Huurders van kantoorruimte hebben – anders dan huurders van winkelruimte en woonruimte – geen huurbescherming. Een huurovereenkomst met betrekking tot kantoorruimte kan door de verhuurder worden opgezegd tegen het einde van de overeengekomen huurtermijn. En in het geval van een huurovereenkomst voor onbepaalde tijd tegen de voor de huurbetaling overeengekomen dag (in de regel tegen de eerste dag van een kalendermaand).

De huuropzegging doet de huurovereenkomst daadwerkelijk eindigen. Het vermelden van een opzeggingsgrond is niet nodig. Instemming van de huurder met de opzegging of een gang naar de rechter als de huurder niet instemt is evenmin aan de orde.

Huurders van kantoorruimte genieten wel ontruimingsbescherming. Dit is geregeld in artikel 7:230a BW.  De ontruimingsbescherming bestaat erin dat de huurder het gehuurde niet direct na het eindigen van de huurovereenkomst dient te ontruimen.  Op grond van de wet heeft de huurder een wettelijke ontruimingstermijn van twee maanden.

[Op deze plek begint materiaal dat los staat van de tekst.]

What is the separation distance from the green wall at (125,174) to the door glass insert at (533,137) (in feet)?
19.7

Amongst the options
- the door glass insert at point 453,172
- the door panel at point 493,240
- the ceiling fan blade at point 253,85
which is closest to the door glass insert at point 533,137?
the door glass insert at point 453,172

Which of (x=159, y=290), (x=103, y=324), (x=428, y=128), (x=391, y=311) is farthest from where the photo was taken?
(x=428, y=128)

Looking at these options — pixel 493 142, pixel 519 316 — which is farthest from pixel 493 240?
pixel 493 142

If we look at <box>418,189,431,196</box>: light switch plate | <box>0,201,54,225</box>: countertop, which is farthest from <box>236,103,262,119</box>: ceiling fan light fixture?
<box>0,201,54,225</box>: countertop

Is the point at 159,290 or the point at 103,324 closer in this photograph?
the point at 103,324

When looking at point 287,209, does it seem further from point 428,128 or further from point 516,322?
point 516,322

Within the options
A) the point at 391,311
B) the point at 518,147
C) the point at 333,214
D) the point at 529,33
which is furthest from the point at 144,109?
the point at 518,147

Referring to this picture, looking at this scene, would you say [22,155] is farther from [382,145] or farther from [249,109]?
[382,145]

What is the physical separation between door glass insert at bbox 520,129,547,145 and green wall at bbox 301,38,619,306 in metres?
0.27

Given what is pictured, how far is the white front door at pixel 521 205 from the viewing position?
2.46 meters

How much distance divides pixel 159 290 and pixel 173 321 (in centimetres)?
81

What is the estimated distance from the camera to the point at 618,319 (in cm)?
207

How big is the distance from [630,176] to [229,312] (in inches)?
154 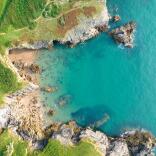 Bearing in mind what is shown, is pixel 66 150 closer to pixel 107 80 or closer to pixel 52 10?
pixel 107 80

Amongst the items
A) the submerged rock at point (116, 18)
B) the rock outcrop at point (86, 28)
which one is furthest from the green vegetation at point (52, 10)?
the submerged rock at point (116, 18)

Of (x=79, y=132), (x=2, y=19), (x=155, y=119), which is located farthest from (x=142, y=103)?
(x=2, y=19)

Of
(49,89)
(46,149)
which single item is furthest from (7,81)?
(46,149)

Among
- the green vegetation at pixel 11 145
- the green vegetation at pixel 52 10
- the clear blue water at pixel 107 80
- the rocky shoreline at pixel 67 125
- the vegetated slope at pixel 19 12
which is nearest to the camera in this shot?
the green vegetation at pixel 11 145

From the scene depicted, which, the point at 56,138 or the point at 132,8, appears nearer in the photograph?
the point at 56,138

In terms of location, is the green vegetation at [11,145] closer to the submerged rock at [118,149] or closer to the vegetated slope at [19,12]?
the submerged rock at [118,149]

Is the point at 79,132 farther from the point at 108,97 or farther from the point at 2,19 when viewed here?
the point at 2,19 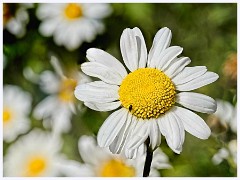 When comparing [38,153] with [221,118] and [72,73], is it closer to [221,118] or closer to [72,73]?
[72,73]

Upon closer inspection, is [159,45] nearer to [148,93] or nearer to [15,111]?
[148,93]

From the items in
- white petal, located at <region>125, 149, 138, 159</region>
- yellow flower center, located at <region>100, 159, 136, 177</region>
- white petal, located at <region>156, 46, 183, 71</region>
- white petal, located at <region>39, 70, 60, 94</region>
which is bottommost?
yellow flower center, located at <region>100, 159, 136, 177</region>

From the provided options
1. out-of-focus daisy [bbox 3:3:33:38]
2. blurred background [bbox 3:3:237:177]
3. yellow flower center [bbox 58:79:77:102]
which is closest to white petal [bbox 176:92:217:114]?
blurred background [bbox 3:3:237:177]

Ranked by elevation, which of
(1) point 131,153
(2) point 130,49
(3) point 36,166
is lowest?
(3) point 36,166

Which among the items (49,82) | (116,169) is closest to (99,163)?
(116,169)

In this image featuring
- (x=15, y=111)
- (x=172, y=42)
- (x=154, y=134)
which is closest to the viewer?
(x=154, y=134)

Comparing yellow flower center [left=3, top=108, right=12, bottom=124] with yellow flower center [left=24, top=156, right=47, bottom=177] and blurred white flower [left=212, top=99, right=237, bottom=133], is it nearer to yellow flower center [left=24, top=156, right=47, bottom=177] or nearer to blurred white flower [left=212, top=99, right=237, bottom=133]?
yellow flower center [left=24, top=156, right=47, bottom=177] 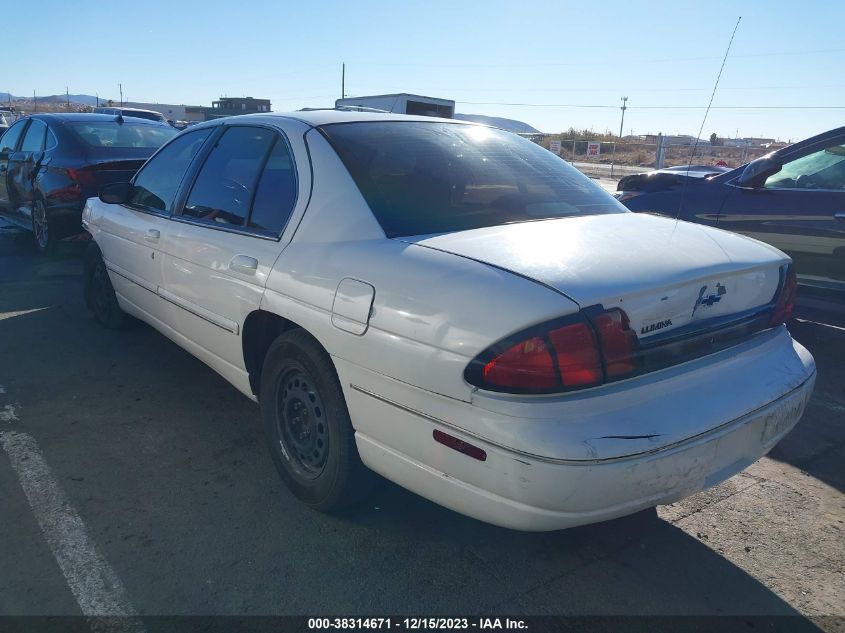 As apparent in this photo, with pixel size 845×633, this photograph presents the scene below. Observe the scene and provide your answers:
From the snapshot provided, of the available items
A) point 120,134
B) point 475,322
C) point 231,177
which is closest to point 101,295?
point 231,177

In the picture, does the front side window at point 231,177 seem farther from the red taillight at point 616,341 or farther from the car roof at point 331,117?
the red taillight at point 616,341

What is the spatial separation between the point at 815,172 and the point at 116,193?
16.8ft

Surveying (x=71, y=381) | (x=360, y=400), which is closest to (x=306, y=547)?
(x=360, y=400)

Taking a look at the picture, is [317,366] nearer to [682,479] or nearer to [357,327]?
[357,327]

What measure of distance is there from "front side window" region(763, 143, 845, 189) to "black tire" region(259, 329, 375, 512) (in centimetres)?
423

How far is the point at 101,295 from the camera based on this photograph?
5230 mm

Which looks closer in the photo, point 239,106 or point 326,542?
point 326,542

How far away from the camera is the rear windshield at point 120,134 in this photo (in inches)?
296

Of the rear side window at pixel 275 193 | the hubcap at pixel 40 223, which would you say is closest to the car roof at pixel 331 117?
the rear side window at pixel 275 193

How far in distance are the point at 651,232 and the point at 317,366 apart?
1.43 m

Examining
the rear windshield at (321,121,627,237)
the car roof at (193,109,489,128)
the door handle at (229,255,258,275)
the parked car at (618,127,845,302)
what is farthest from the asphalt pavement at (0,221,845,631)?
the car roof at (193,109,489,128)

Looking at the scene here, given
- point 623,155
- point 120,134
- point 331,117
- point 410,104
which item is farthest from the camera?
point 623,155

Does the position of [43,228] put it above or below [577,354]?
below

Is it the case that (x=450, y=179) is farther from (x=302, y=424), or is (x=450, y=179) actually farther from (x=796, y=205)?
(x=796, y=205) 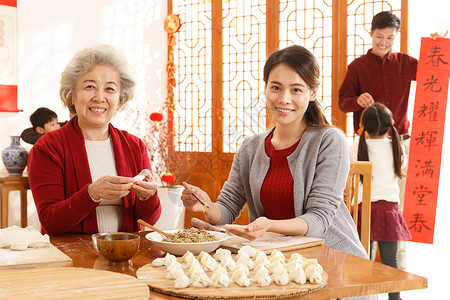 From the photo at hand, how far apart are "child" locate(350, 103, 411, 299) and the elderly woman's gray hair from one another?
1750 mm

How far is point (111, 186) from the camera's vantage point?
1.72 m

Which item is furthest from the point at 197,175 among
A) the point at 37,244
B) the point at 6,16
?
the point at 37,244

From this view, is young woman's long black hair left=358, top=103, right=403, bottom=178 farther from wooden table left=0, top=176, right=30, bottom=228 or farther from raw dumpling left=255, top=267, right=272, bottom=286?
wooden table left=0, top=176, right=30, bottom=228

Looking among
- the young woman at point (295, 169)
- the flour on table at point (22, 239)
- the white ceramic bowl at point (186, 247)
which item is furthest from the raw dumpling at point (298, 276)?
the flour on table at point (22, 239)

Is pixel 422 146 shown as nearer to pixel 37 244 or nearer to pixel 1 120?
pixel 37 244

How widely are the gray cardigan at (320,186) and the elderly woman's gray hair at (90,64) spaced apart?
0.65 metres

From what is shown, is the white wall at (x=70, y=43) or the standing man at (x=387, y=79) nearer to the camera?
the standing man at (x=387, y=79)

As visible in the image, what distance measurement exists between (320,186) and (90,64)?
39.8 inches

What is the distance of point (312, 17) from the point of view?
475 cm

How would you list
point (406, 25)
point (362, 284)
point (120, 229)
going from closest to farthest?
point (362, 284)
point (120, 229)
point (406, 25)

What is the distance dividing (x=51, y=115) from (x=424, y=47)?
9.88 feet

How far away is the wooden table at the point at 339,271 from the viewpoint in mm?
1146

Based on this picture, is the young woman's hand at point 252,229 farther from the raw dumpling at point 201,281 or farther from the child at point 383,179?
the child at point 383,179

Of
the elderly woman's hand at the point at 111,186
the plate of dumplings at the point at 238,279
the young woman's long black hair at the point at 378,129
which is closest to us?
the plate of dumplings at the point at 238,279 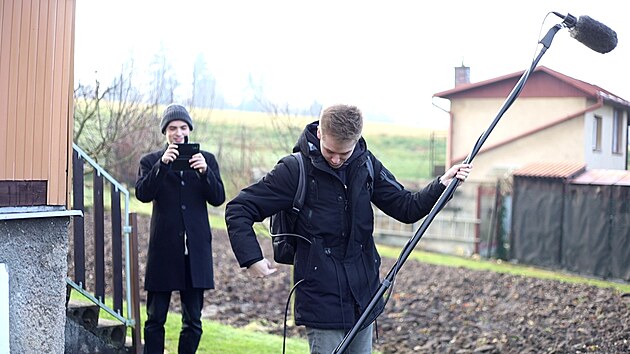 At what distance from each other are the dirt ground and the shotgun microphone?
4.61 metres

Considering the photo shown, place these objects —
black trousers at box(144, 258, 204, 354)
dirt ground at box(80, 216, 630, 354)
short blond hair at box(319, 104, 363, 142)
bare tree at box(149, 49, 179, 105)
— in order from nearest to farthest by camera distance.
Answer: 1. short blond hair at box(319, 104, 363, 142)
2. black trousers at box(144, 258, 204, 354)
3. dirt ground at box(80, 216, 630, 354)
4. bare tree at box(149, 49, 179, 105)

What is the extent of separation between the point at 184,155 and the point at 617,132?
7640mm

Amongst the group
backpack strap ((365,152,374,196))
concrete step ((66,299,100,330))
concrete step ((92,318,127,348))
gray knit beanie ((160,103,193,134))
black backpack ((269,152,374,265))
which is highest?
gray knit beanie ((160,103,193,134))

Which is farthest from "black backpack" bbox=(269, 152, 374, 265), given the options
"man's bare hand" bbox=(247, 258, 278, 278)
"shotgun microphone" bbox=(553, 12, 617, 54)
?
"shotgun microphone" bbox=(553, 12, 617, 54)

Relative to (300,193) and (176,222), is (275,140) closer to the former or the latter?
(176,222)

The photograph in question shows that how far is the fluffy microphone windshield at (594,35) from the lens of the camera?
4.17m

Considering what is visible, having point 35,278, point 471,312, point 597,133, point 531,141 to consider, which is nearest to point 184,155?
point 35,278

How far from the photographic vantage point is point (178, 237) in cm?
577

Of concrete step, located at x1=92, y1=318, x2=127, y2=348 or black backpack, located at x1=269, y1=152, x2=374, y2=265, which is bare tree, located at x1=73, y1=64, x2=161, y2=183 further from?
black backpack, located at x1=269, y1=152, x2=374, y2=265

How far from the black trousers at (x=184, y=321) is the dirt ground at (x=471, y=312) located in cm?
386

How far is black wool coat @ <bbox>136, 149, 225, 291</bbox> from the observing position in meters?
5.70

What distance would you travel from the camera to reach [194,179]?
583 cm

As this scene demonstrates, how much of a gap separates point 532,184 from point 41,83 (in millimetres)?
13938

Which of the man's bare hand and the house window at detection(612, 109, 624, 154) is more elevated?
the house window at detection(612, 109, 624, 154)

De tweemaandentermijn vangt aan op het moment dat de huurovereenkomst is geëindigd én de ontruiming is aangezegd.  Naast de huuropzegging is het daarom  van belang om de ontruiming van het gehuurde aan te zeggen. Dit wordt veelal gelijktijdig met de huuropzegging gedaan. Na afloop van de tweemaandentermijn ontstaat een verplichting tot ontruiming, voor zover door huurder geen verzoek tot verlenging van de ontruimingstermijn is ingediend.

De wet biedt de huurder namelijk de mogelijkheid om de rechter bij verzoekschrift te vragen de termijn van de ontruimingsbescherming te verlengen. Dit verzoek moet vóór het verstrijken van de tweemaandentermijn worden ingediend. Gedurende de procedure hoeft de huurder het gehuurde niet te ontruimen. Totdat op het verzoek is beslist, mag de huurder gebruik blijven maken van het gehuurde.

De ontruimingstermijn kan tot maximaal een jaar worden verlengd, gerekend vanaf het einde van de huur. In totaal kan de huurder driemaal een verlengingsverzoek indienen. Voor het tweede en derde verzoek geldt dat dit verzoek uiterlijk een maand voor afloop van de door de rechter toegewezen verlengingstermijn moet worden ingediend en eveneens maximaal een jaar bedraagt.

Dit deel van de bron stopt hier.